If the carbon-release trend continues or worsens, the authors estimate that the land's carbon content will fall an additional 8% to 20% by the end of the century — a range comparable to the 5% to 15% of expected carbon loss for all Arctic permafrost by 2100, a 2015 estimate from Schuur and other researchers.

The Northern Arizona professor said the similarity between the projections is a good sign that the most recent findings are generalizable and likely apply to many other permafrost ecosystems.

The authors also focused on time periods when the conditions were hot and either very wet or very dry, the two climate directions the future Arctic might take. Carbon loss was dominant in both scenarios: With high rainfall, plants grew more but soil microbes became even more active, and plants suffered worse under dry conditions.

Near the eddy covariance towers in Alaska, Schuur is also deliberately heating areas of permafrost in ongoing research to simulate future warming and learn how the ecosystem reacts. The tests seem to confirm that more carbon will exit the permafrost, he said. They are also pointing to how melting ice in the soil is causing changes in moisture — leaving some areas very wet while others are dry.

Monitoring the Arctic and creating more accurate predictions for the carbon it will emit could inform future economic policy. Schuur said he is working with University of Arizona economist Derek Lemoine to determine the economic benefits of more precisely knowing the Arctic's future greenhouse-gas contributions, including a more effective rollback of human-based emissions.

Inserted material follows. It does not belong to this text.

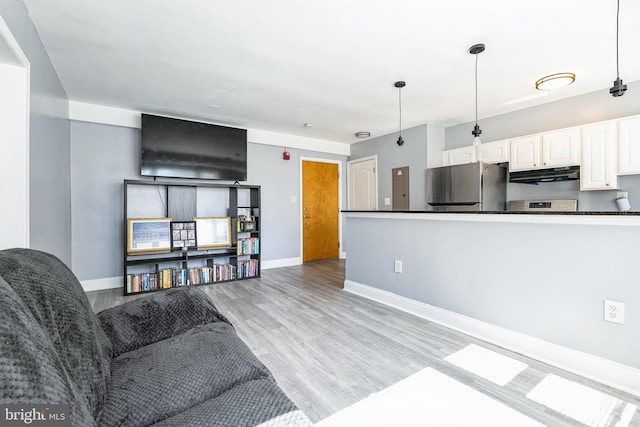 living room with baseboards and light wood-type flooring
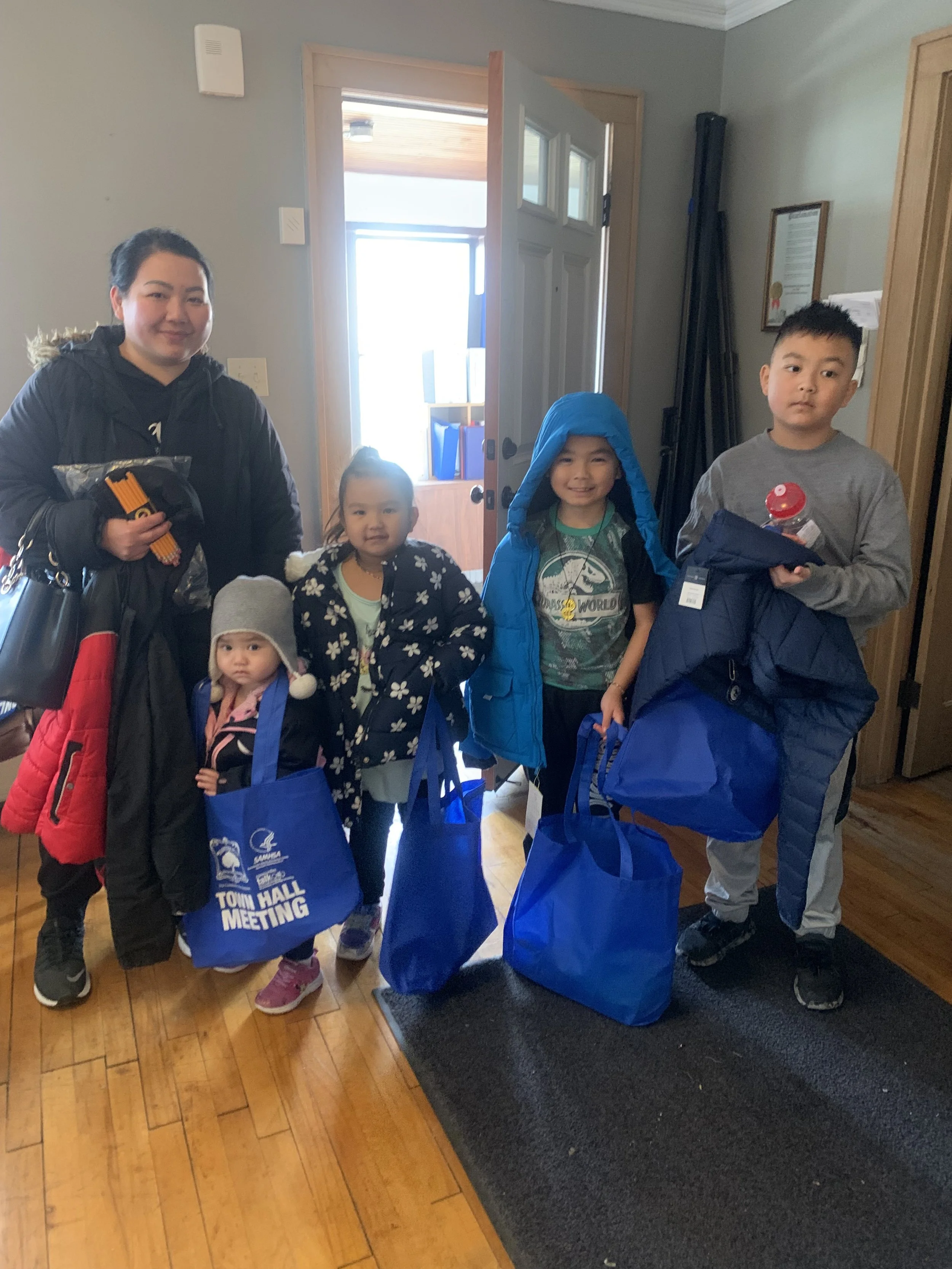 A cute family holding bags and smiling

"Right now, the Arctic is remote and, I would say, understudied," Schuur said. "If you put sensors up there and you have monitoring stations and you know, 'Hey, we're releasing a lot or releasing a little,' then you can adjust your own policies to act more efficiently."

The professor said he believes the best way to reduce emissions tied to permafrost is to "put our own house in order" and cut emissions from human activity, which accelerate the warming of the Arctic and the thawing of permafrost.

The study, "Tundra underlain by thawing permafrost persistently emits carbon to the atmosphere over fifteen years of measurements," published March 30 in JGR Biogeosciences, was authored by Ted Schuur, Chris Ebert, Justin Ledman, Elaine Pegoraro, Heidi Rodenhizer and Christina Schaedel, Northern Arizona University; Rosvel Bracho and Gerardo Celis, Northern Arizona University and University of Florida; Fay Belshe, Jason Vogel and Elizabeth Webb, University of Florida; Marguerite Mauritz, Northern Arizona University and University of Texas at El Paso; Cesar Plaza, Northern Arizona University, Rey Juan Carlos University and Spanish National Research Council; Vladimir Romanovsky, University of Alaska Fairbanks; Dave Schirokauer, Denali National Park and Preserve; and Meghan Taylor, Northern Arizona University and Yale University.